Une certaine culture sécularisée, de bon ton et « politically correct », a affaibli la pratique des sacrements, notamment en ce qui concerne la confession avant d’accéder à l’Eucharistie.
Il est également vrai que quand les confessionnaux sont ouverts, les fidèles font la queue pour se confesser ; il est cependant vrai aussi que la pratique de se donner l’absolution est répandue.

Zenit : Quel est votre avis à ce propos ?

Card. J. Tomko : Aujourd’hui aussi, la sévère admonestation de saint Paul est assurément valable : « Quiconque mange le pain ou boit la coupe du Seigneur indignement aura à répondre du corps et du sang du Seigneur. Que chacun donc s’éprouve soi-même et qu’ainsi il mange de ce pain et boive de cette coupe , car celui qui mange et boit, mange et boit sa propre condamnation, s’il ne discerne le Corps » (1 Co 11, 27 – 29).

Et le Catéchisme de l’Eglise catholique spécifie : « Celui qui est conscient d’un péché grave doit recevoir le sacrement de la Réconciliation avant d’accéder à la communion » (CEC n.1385)

Zenit : La décision de certains évêques américains de ne pas donner la communion à des personnalités publiques qui, tout en se disant catholiques, soutiennent publiquement des lois et des initiatives en faveur de l’avortement, des mariages gay, etc., a suscité de profondes réactions. Quel est votre sentiment ?

Card. J. Tomko : Sans vouloir faire allusion à de quelconques faits concrets, il me semble que les textes mentionnés ci-dessus sont très utiles et font autorité.

Zenit : L’Eucharistie est le cœur de l’Eglise et de la vie des chrétiens. Mais le sacrifice du Christ vaut pour toute l’humanité. Quels arguments utiliseriez-vous pour expliquer aux chrétiens qui ne pratiquent pas, aux croyants des autres religions et également aux non-croyants les raisons de notre foi ?

Card. J. Tomko : La foi est un don de Dieu. Déjà aux temps de Jésus, le discours sur l’Eucharistie est apparu comme un ‘langage difficile’. Il requiert au moins la bonne volonté de ne pas le refuser à priori. Mais c’est aussi un discours extrêmement gratifiant, profond et beau.

Il révèle l’amour immense de Dieu et de Jésus Christ pour l’humanité ; si l’on comprend que l’Eucharistie est le don de Dieu à l’humanité et ‘pour la vie du monde’, pour les croyants et pour les non-croyants, celui-ci aide à entrevoir la grandeur du cœur de Dieu.
D’autre part, l’Eucharistie révèle l’idée innovatrice de Jésus Christ qui a voulu entrer en communion intime avec la personne qui reçoit et devenir ‘pain’ pour notre nourriture, mais aussi s’offrir en un sacrifice qui représente de manière non-sanglante l’unique sacrifice sanglant de la Croix pour l’humanité entière.

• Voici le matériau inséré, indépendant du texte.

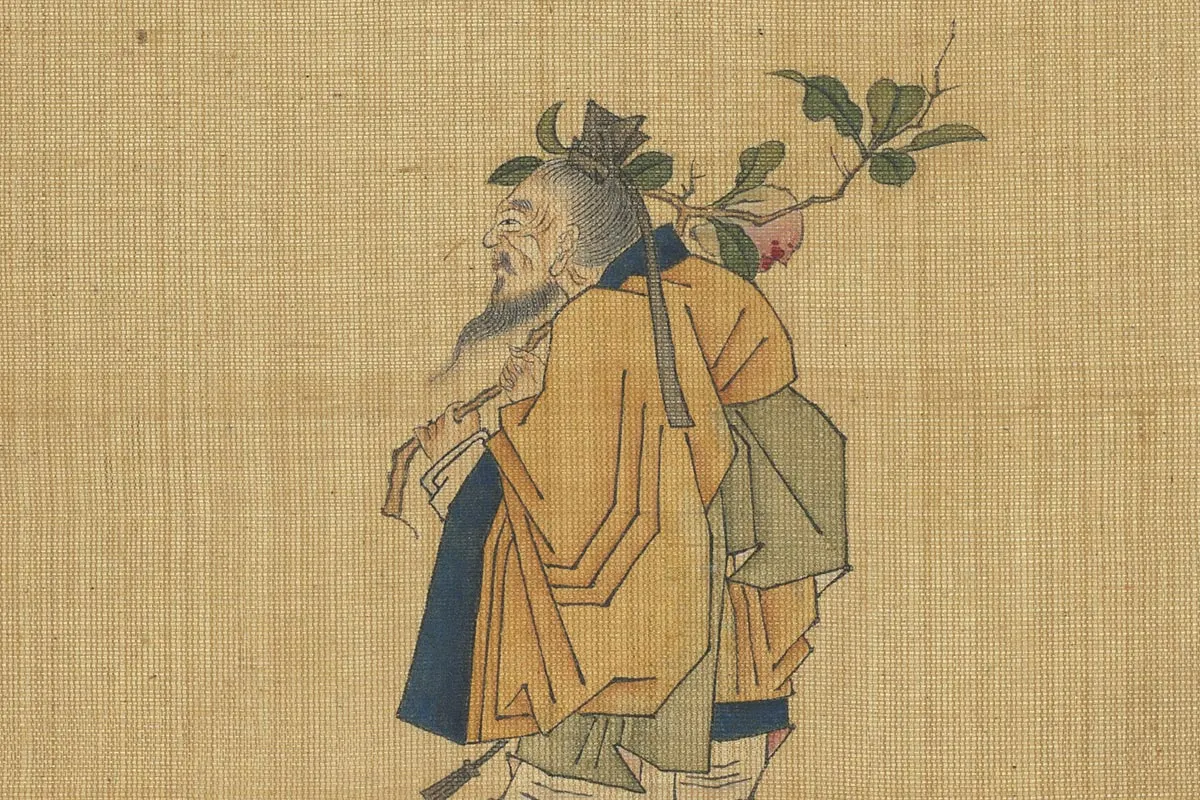 陈洪绶《方朔偷桃图》局部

Quand on lit l’histoire de l’institution de l’Eucharistie au Cénacle quelques heures avant la mort rédemptrice du Christ sur la Croix, la vérité sur l’Eucharistie apparaît simple comme un rayon de lumière qui traverse le cristal et en sort sous forme d’un prisme composé de différentes couleurs.

C’est le plus grand don de Jésus qui « aima les siens jusqu’à la fin ». Naturellement, avec un non-croyant je commencerais d’abord par le discours fondamental de Dieu, de Jésus Christ, par ex
emple à travers une approche du récit évangélique sur la Résurrection.

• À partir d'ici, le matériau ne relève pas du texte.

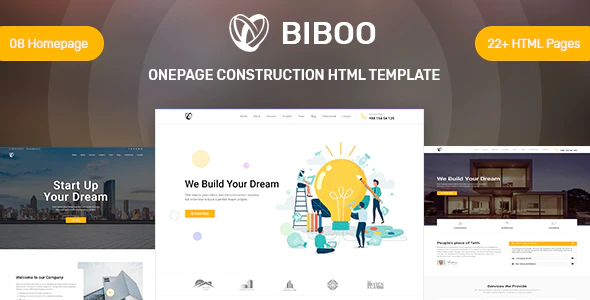 Biboo – OnePage Construction HTML Template Page Download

Avec un agnostique qui ignore et évite tout discours sur Dieu, il convient de déblayer le terrain de l’orgueil, implicite et explicite, – qui lui laisse croire être autonome et pouvoir se sauver tout seul, – d’une forme actuelle d’humanisme nihiliste, et lui présenter les valeurs de l’Eucharistie pour la grandeur de l’homme aux yeux de Dieu.

Justement cet agnosticisme qui se répand aujourd’hui dans l’occident, a besoin d’un « supplément d’âme" qui lui donne le sens de l’existence et de la beauté de Dieu face au vide, à l’égoïsme qui détruit l’autre mais également soi-même, face à l’absence de perspective et d’espérance existentielle.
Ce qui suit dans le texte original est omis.